If you select this parsing method, you can use the predefined rules for converting events to the KUMA format by clicking Apply default mapping. If the netflow9 parsing method is selected for the main parsing, extra normalization is not available.

The default mapping rules for the netflow9 parsing method do not specify the protocol type in KUMA event fields. When parsing data in NetFlow format, on the Enrichment normalizer tab, you must create a constant data enrichment rule that adds the netflow value to the DeviceProduct target field.
sflow5
This parsing method is used to process data in sflow5 format.

If you select this parsing method, you can use the predefined rules for converting events to the KUMA format by clicking Apply default mapping. If the sflow5 parsing method is selected for the main parsing, extra normalization is not available.
ipfix
This parsing method is used to process IPFIX data.

If you select this parsing method, you can use the predefined rules for converting events to the KUMA format by clicking Apply default mapping. If the ipfix parsing method is selected for the main parsing, extra normalization is not available.

The default mapping rules for the ipfix parsing method do not specify the protocol type in KUMA event fields. When parsing data in NetFlow format, on the Enrichment normalizer tab, you must create a constant data enrichment rule that adds the netflow value to the DeviceProduct target field.
sql
The normalizer uses this parsing method to process data obtained by making a selection from the database.

Required setting.

Keep raw event

Keeping raw events in the newly created normalized event. Available values:

Don't save—do not save the raw event. This is the default setting.
Only errors—save the raw event in the Raw field of the normalized event if errors occurred when parsing it. This value is useful for debugging because an event having a non-empty Raw field indicates a problem.
If fields containing the names *Address or *Date* do not comply with normalization rules, these fields are ignored. No normalization error occurs in this case, and the values of the fields are not displayed in the Raw field of the normalized event even if the Keep raw event → Only errors option was selected.
Always—always save the raw event in the Raw field of the normalized event.
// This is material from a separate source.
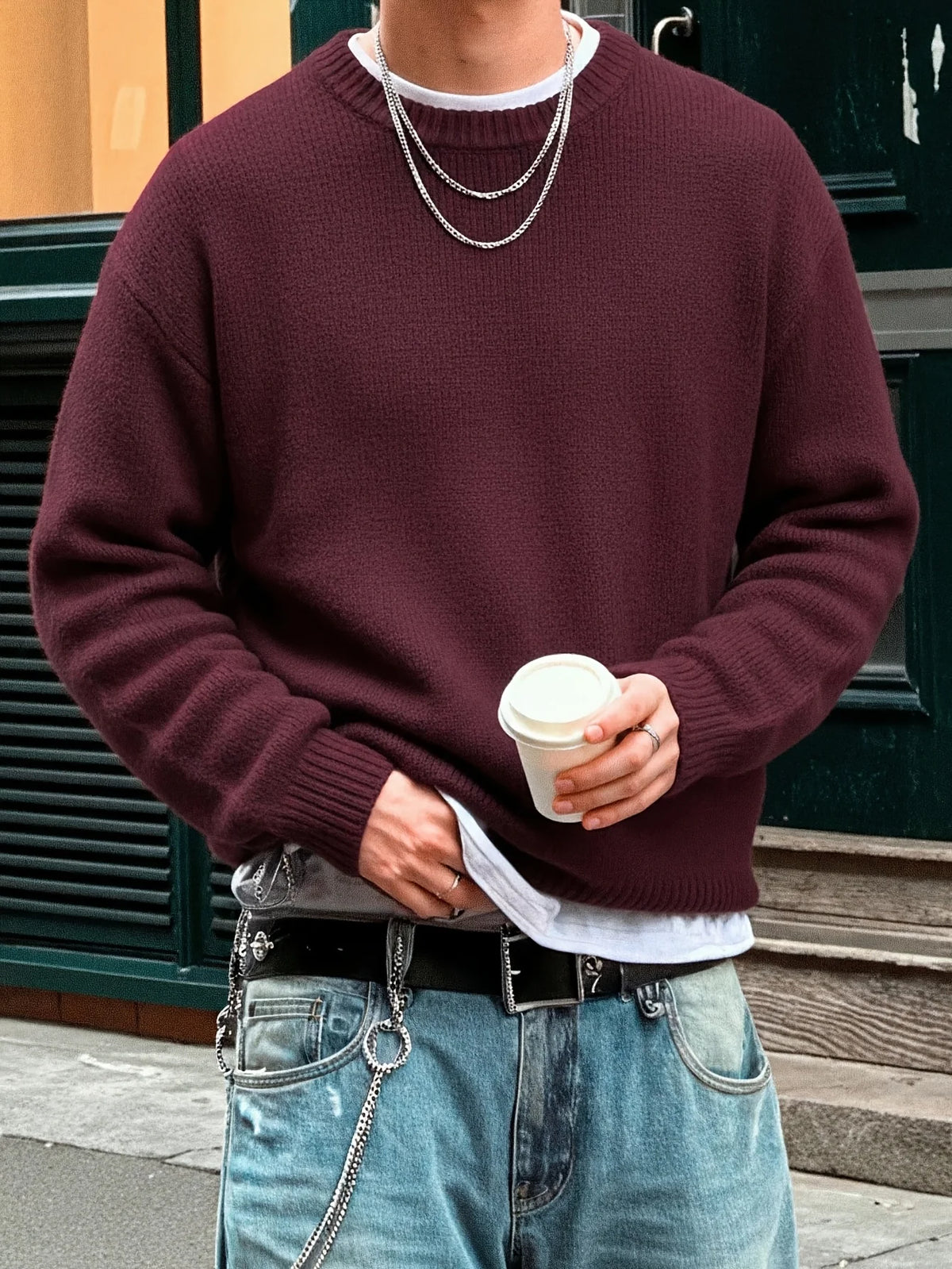 Men's Ribbed Knit Crew Neck Sweater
Required setting. This setting is not available for extra parsing rules.

Keep extra fields

Keep fields and values for which no mapping rules are configured. This data is saved as an array in the Extra event field. Normalized events can be searched and filtered based on the data stored in the Extra field.

Filtering based on data from the Extra event field

By default, no extra fields are saved.

Required setting.

Description

Description of the resource. Maximum length of the description: 4000 Unicode characters.
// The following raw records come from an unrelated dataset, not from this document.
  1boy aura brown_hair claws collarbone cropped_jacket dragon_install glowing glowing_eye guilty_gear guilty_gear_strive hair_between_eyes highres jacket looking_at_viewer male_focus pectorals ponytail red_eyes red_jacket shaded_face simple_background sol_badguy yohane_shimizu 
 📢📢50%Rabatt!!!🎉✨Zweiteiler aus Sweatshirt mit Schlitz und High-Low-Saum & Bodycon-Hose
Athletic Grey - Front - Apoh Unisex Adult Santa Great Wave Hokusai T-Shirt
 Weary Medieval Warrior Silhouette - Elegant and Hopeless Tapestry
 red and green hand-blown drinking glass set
This setting is not available for extra parsing rules.

Event examples

Example of data that you want to process.

This setting is not available for the following parsing methods: netflow5, netflow9, sflow5, ipfix, and sql.
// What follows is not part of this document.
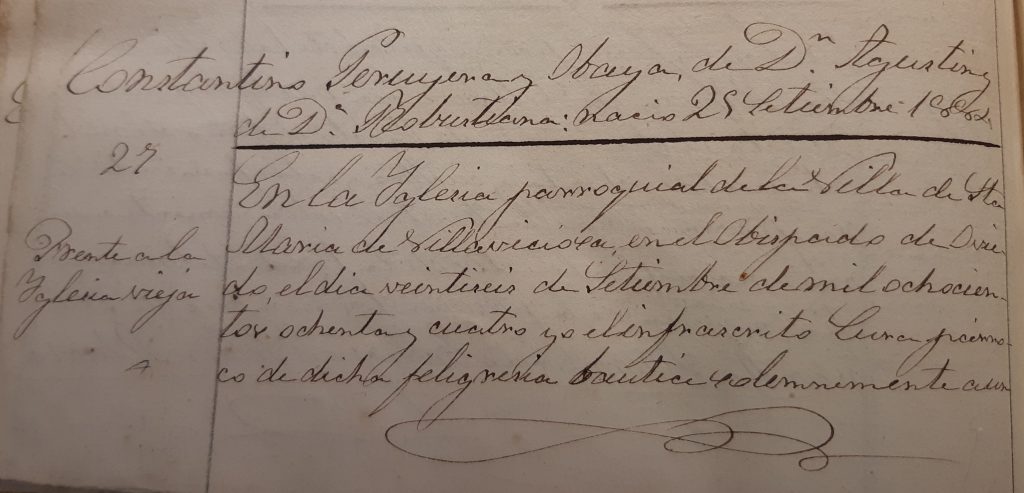 Acta de bautismo de Constantino Peruyera Obaya (primera parte).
If the event was parsed successfully, and the type of the data obtained from the raw event matches the type of the KUMA field, the Event examples field is filled with data obtained from the raw event. For example, the "192.168.0.1" value in quotation marks does not appear in the SourceAddress field. However, the 192.168.0.1 value is displayed in the Event examples field.

Mapping

Settings for configuring the mapping of source event fields to fields of the event in the KUMA format:

Source lists the names of the raw event fields that you want to convert into KUMA event fields.
Next to field names in the Source column, clicking opens the Conversion window, in which you can click Add conversion to create rules for modifying the source data before writing them to the KUMA event fields. You can reorder and delete created rules. To change the position of a rule, click next to it. To delete a rule, click next to it.

Available conversions
Conversions are modifications that are applied to a value before it is written to the event field. You can select one of the following conversion types from the drop-down list:
- entropy is used for converting the value of the source field using the information entropy calculation function and placing the conversion result in the target field of the float type. The result of the conversion is a number. Calculating the information entropy allows detecting DNS tunnels or compromised passwords, for example, when a user enters the password instead of the login and the password gets logged in plain text.
- lower—is used to make all characters of the value lowercase
- upper—is used to make all characters of the value uppercase
- regexp – used to convert a value using a specified RE2 regular expression. When you select this type of conversion, a field is displayed in which you must specify the RE2 regular expression.
- substring is used to extract characters in a specified range of positions. When you select this type of conversion, the Start and End fields are displayed, in which you must specify the range of positions.
- replace—is used to replace specified character sequence with the other character sequence. When you select this type of conversion, the following fields are displayed:
  - Replace chars specifies the sequence of characters to be replaced.
  - With chars is the character sequence to be used instead of the character sequence being replaced.
- trim removes the specified characters from the beginning and from the end of the event field value. When you select this type of conversion, the Chars field is displayed in which you must specify the characters. For example, if a trim conversion with the Micromon value is applied to Microsoft-Windows-Sysmon, the new value is soft-Windows-Sys.
- append appends the specified characters to the end of the event field value. When you select this type of conversion, the Constant field is displayed in which you must specify the characters.
- prepend prepends the specified characters to the beginning of the event field value. When you select this type of conversion, the Constant field is displayed in which you must specify the characters.
- replace with regexp is used to replace RE2 regular expression results with the specified character sequence. When you select this type of conversion, the following fields are displayed:
  - Expression is the RE2 regular expression whose results you want to replace.
  - With chars is the character sequence to be used instead of the character sequence being replaced.
- Converting encoded strings to text:
  - decodeHexString—used to convert a HEX string to text.
  - decodeBase64String—used to convert a Base64 string to text.
  - decodeBase64URLString—used to convert a Base64url string to text.
  When converting a corrupted string or if conversion error occur, corrupted data may be written to the event field.
  
  During event enrichment, if the length of the encoded string exceeds the size of the field of the normalized event, the string is truncated and is not decoded.
  
  If the length of the decoded string exceeds the size of the event field into which the decoded value is to be written, the string is truncated to fit the size of the event field.
Conversions when using the extended event schema

Whether or not a conversion can be used depends on the type of extended event schema field being used:
- For an additional field of the "String" type, all types of conversions are available.
- For fields of the "Number" and "Float" types, the following types of conversions are available: regexp, substring, replace, trim, append, prepend, replaceWithRegexp, decodeHexString, decodeBase64String, and decodeBase64URLString.
- For fields of "Array of strings", "Array of numbers", and "Array of floats" types, the following types of conversions are available: append and prepend.
KUMA field lists fields of KUMA events. You can search for fields by entering their names.
Label is a unique custom label for event fields that begin with DeviceCustom* and Flex*.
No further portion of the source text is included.